Noutro trecho, cita André Roberto Martins, geógrafo brasileiro: “Nenhuma potência consegue se afirmar sem uma ideologia definidora de sua posição no mundo”. Como conciliar isso com a posição geopolítica subalterna de Bolsonaro e outros militares aos Estados Unidos, ao ponto de pretender fazer guerra contra a Venezuela para empossar um impostor a fim de atender aos propósitos golpistas de Washington? Nessa questão, saúdo outros militares do Planalto por se oporem à aventura, talvez por medo de atrair a Rússia para o conflito.
Enfim, outro trecho: “estamos carentes de valores universais, que igualem as pessoas pela condição humana, acima da classificação aleatória que se lhes atribui”. Como conciliar essa posição do general em relação aos ambientalistas, e, em sua única citação de um ministro civil no governo Bolsonaro, Ricardo Salles, apontá-lo como exemplar na política ambiental?

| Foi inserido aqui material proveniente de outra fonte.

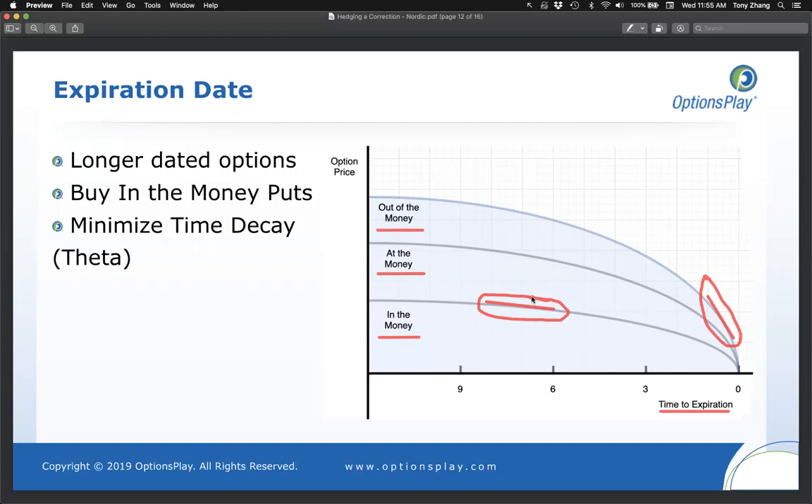When buying put options for hedging, you generally want to go further out in time and prefer in-the-money options over out-of-the-money, because that limits time decay. When selling an option, focus on shorter-dated, out-of-the-money options that give the fastest decay — because when selling, you want that option value to approach zero as quickly as possible. Please type five in the chat if the difference between buying and selling options in terms of time and strike selection makes sense.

Desculpo-o, porque até então, no início deste ano, não era claro que um inquérito da Polícia Federal viesse a apontar indícios fortes de que Salles é um ladrão do meio ambiente!
O entrevistador recordou que, no dia da posse, Bolsonaro dirigiu-se a Villas Boas, na fila de cumprimentos, dizendo para todos ouvirem que, se não fosse por ele, não estaria ali. Ou seja, não ganharia as eleições, conforme todos entenderam. Mas Bolsonaro acrescentou: “O que a gente conversou morrerá entre nós”. O entrevistador perguntou: O que conversaram? E o general Villas Boas Corrêa, ex-comandante do Exército, negando que se tratava de uma conspiração, respondeu simplesmente: “Morrerá entre nós!”